Edit: according to this thread, the reflexive variant can also be irregular. 

_er erschr*e*ckt sich
er erschr*i*ckt sich_


> Das reflexive Verb "sich erschrecken" gehört der Umgangssprache an und wird sowohl regelmäßig als auch unregelmäßig gebeugt: Ich erschrecke mich bei jedem Donner; ich erschreckte/erschrak mich fast zu Tode; ich habe mich ganz schön erschreckt/erschrocken!


----------



## WesołaBiedronka

Ok, after combining this:

Die konjugation des Verbs erschrecken - konjugieren erschrecken

with this:

erschrecken | translate German to English: Cambridge Dictionary

That sentence makes sense now. Thanks

< ... >


----------



## bearded

Kann man sagen ''ich bin jetzt erschreckt'' (Zustandspassiv aus dem regelmäßigen 'erschrecken') oder ist nur ''ich bin erschrocken'' möglich/zulässig/gängig? Danke, Muttersprachler.


----------



## JClaudeK

bearded said:


> Kann man sagen ''ich bin jetzt erschreckt'' (Zustandspassiv aus dem regelmäßigen 'erschrecken')

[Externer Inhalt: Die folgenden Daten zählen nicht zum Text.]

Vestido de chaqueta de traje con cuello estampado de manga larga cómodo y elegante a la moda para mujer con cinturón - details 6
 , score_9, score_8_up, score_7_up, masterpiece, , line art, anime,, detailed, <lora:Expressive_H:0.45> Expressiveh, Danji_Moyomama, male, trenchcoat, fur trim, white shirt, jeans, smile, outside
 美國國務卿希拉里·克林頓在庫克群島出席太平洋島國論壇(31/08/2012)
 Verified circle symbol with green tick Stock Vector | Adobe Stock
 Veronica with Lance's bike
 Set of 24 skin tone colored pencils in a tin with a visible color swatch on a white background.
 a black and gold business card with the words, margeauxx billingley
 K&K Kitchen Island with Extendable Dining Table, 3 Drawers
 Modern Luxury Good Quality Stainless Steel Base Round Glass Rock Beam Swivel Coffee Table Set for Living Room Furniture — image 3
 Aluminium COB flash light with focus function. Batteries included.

Für das Zustandspassiv würde ich "*ver*schrecken" verwenden: _Jetzt ist er ganz *ver*schreckt._


----------



## Hutschi

bearded said:


> Kann man sagen ''ich bin jetzt erschreckt'' (Zustandspassiv aus dem regelmäßigen 'erschrecken') oder ist nur ''ich bin erschrocken'' möglich/zulässig/gängig? Danke, Muttersprachler.


Das Zustandspassiv it in dieser Form nicht idiomatisch, man verwendet nur "Ich bin erschrocken."


----------



## JClaudeK

Hutschi said:


> man verwendet nur "Ich bin erschrocken."


"Ich bin erschrocken." = Ich habe einen Schreck bekommen. 
Das ist für mich kein "Zustand", oder?


----------



## Demiurg

JClaudeK said:


> "Ich bin erschrocken." = Ich habe einen Schreck bekommen.
> Das ist für mich kein "Zustand", oder?


Es kann m.E. sowohl einenen Vorgang als auch einen Zustand beschreiben.  In einem Fall ist "erschrocken" ein echtes Partizip, im anderen eher ein Adjektiv (vgl. "unerschrocken").


----------



## JClaudeK

Demiurg said:


> In einem Fall ist "erschrocken" ein echtes Partizip, im anderen eher ein Adjektiv (vgl. "unerschrocken").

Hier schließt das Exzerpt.